In the absence of facts, perception is reality and the pendulum of opinion is swinging away from veneration of these behemoths to suspicion that the game is rigged. And it is, so long as countries play beggar-thy-neighbour while the ultra-wealthy and multi-nationals deploy vast resources in tax-avoidance savvy, exploiting the arbitrage between sovereign tax regimes to the fullest. The defence that nothing illegal is being done is beside the point, it simply isn’t working and is unjust.
Ireland needs to get on the right side of the sweeping changes underway as, in a repetition of the past, sovereigns are faced with having to redistribute a harmful concentration of excessive wealth and power to combat inequality. At the heart of the struggle is embedded sub-normal economic growth and tepid taxes as ageing populations in the developed world grapple in the faultline between the economic tendency to deflate and central bankers’ desperate gamble to inflate by printing money on a level not tried since banking records first began in 13th century Genoa.
And against this tepid economic backdrop, wage earners squeezed by the legacy of high tax on wages and carrying crippling personal debt burdens, have little sympathy for low taxes on vast corporate profits, many of them flush with cash and little debt.
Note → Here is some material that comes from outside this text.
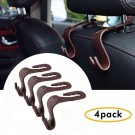 Car Seat Brown Headrest Hooks Hanger Storage Organizer Holder Hold Up New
Ireland needs to come up with a new long-term tax strategy, one designed to act as a beacon in Europe for mobile entrepreneurial capital, while it mounts a defence of its crumbling old one. There is not much time.
On our flank, Britain is poised to position itself as a soft-tax and low red-tape, safe haven with Brexiteers rubbing their hands in glee at the EU assault on the US technology icon, while EU federalists plot a deeper union where corporate tax competition is diluted despite what treaties say about sovereign tax integrity.
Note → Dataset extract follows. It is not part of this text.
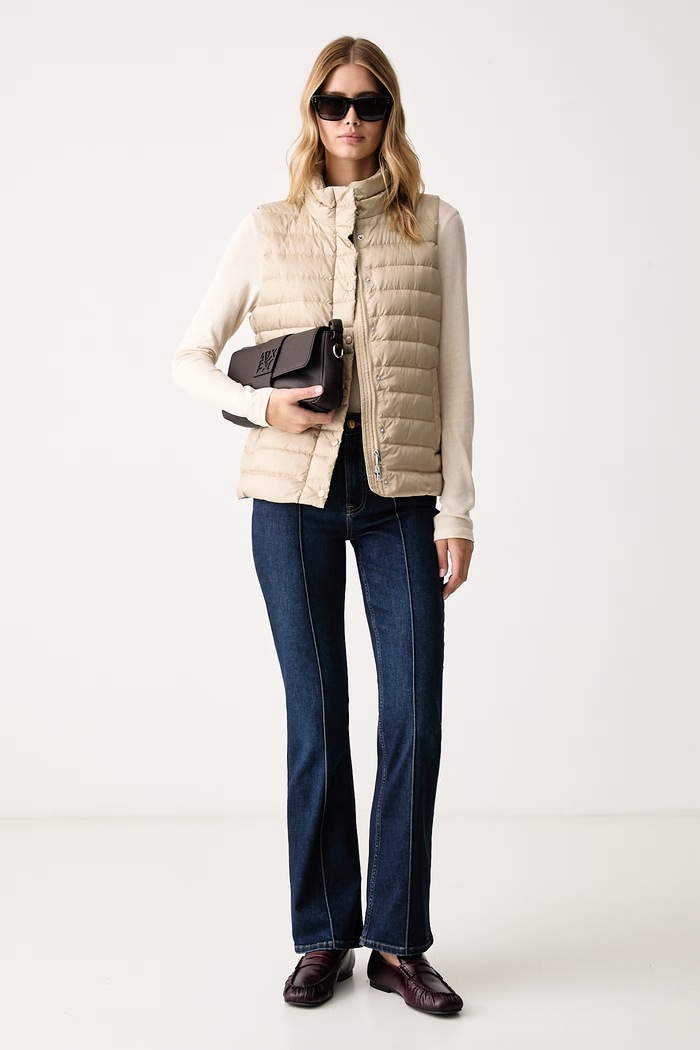 Gant Jeansy flare damskie 4100315 granatowy AW26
So what can Ireland do? Park aside the cacophony from populist politicians playing to their local gallery and the sharp noise from ideologues in the hard left who despise wealth creation like a genital pox, and a large part of the answer is in introducing a carefully conceived and balanced flat tax, positioning Ireland as the only English-speaking EU member with an enterprise-faced tax model, one that is first to recognise that the next economic war, is a war for talent.
There’s enough smarts among Ireland’s business, tax, and academic experts to conceive a fair flat tax model, one that vastly simplifies the crazy current system that discourages work at modest wage levels, punishes productivity with ever higher taxes, chronically politicises the annual budget as TDs compete to garner plaudits from vested interests and constituency lobbies, and deals directly with flat tax’s Achilles heel, which is giving too much to very high earners.
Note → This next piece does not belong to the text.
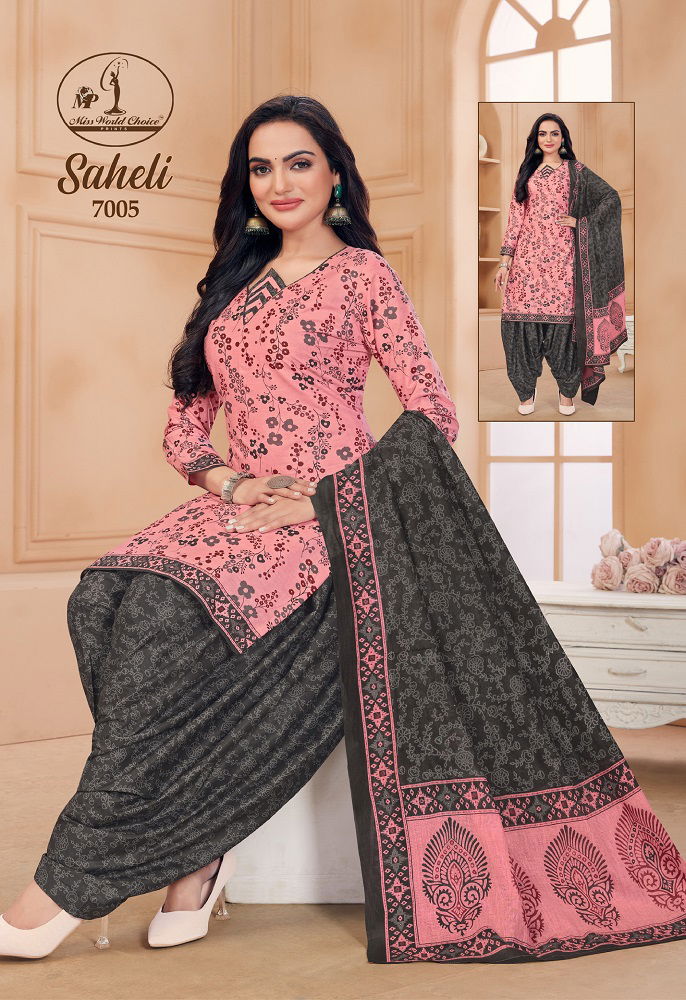 Saheli Vol 7 By Miss World 7001 7010 Online Dress Material Wholesale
Flat tax means replacing most of the social protection benefits with a solid basic income for all, which gradually declines as the flat tax is applied on the excess. A shift towards flat tax means releasing more consumer spending power to the economy, while recovering the lower intake in income tax, by a spike in consumption taxes.
There is lots of evidence to show how a pivot towards flat tax boosts overall GDP — an effect that cannot be gleaned from the outdated linear modelling used by Ireland’s Edwardian Department of Finance and fed to a squabbling political system where party positioning trumps the national interest time over time.
Well-paid executives decide where to position new ventures and expansions, central to which is how this impacts on their own pay, not just on income but on share options.
In the world now emerging, this is going to be more important than headline corporation tax as sovereigns challenge the current global free-for-all.
However, a flat tax model that affords a low tax on excessive incomes sows inequality, the answer to which is to cap the benefit by applying a levy, call it a solidarity tax, over an optimum multiple of the current average wage, probably five to 10 times and which will reveal itself in tax labs equipped with modern dynamic modeling.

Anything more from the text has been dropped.